Sunday, February 5, 2012

Homemade Cat Food Advice and Ideas

For some time now I have been concerned with my pet food bill and finding helpful ways I can shave a dollar or two off the cost, perhaps by supplementing healthier sources in combination with the no name dry and canned products I purchase now.

There are many good ideas on the net for making homemade cat fare and I have tried some of them usually with mixed reactions from my cats. I decided to pursue a safer method and researched several vet sites to get the input of professionals. I found some interesting insights for feeding an all-natural diet but drawbacks arose with the added expense of buying specialty items like whole rabbits, especially if you lack a local supplier and depending on how dedicated you plan to be in this venture, making volume amounts of animal provisions is the more beneficial way to go as it does involve some work.

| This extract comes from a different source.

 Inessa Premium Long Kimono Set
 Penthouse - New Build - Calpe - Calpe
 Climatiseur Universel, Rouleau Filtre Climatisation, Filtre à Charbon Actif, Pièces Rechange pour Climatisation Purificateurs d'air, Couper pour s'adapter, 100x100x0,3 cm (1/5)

If you're unsure how your cats will react to raw meat try giving them a little. When I'm preparing dinner using meats like fish, chicken, turkey or liver I cut small chucks and offer them to my felines to test how easily they will take to it. Usually all four will eat it without hesitation and beg more. You can also experiment with trying them on cooked meats to see how readily they will eat that.

To change your pet’s diet to completely natural foods you will need a quality Grinder. I purchased a Tasin 180 online from the States after learning they're not available in Canada. It was cheaper than I thought and the company got it to me within three days. This machine is recommended because of its ability to grind small, cooked bones well. Adding bone to your mixture insures the much needed calcium content of the food. If you're not certain about grinding the bone sufficiently, save eggshells and wash them well; leave to dry out completely for a few days then use a coffee grinder to grind the shells to a fine powder. Add a teaspoon to the finished food. I’ve done this myself so I know it works. I found this very idea on several vet sites that prepare whole raw diets for their cats otherwise I would never have tried it.

The easiest way to start is to take leftover cooked chicken or turkey and separate the meat you want to use; be sure to add skin and fat along with at least two small thigh or leg bones. Add a few slices of raw liver for more nutrition. Please note that you don't need to add much bone to get the amount of calcium required and because they are cooked they will go through more easily. With a half cup of water grind the meat and bones. I put it through twice, then I 'feel' the finished meat to find the larger pieces of bone to remove them. Adding water brings the moisture content up and makes grinding easier on the machine. Refrigerate in air tight containers and serve.

Since it comes out like wet canned food sometimes I will add chunks of meat to make it more attractive. Some cats prefer chunky fare as apposed to a more liquified consistency. Don't include a lot of vegetables in the meat mix. I have tried this and it was not a grand success. Cats are primarily meat eaters, though I have found that if I add a small chunk of potato, they like it better; you don't need to add spices of any kind either.

As an additional advantage to being a proud owner of a Grinder, I make my own sausage by cutting beef and pork roasts into chunks and mixing in my special spices. The cats love that too and its pure meat.
Set up grinder

After reading about all the herbs and supplements I would need to invest in and the access to certain animals like rabbits and other smaller prey that I'd need to purchase again online, from the States; well, I had my budget to consider so I decided to go with half measures instead. Surely I could improve their diets by adding to rather than by making a complete and drastic change right now. Its gone well so far and my pocketbook, as well as my cats, are the happier for the alterations.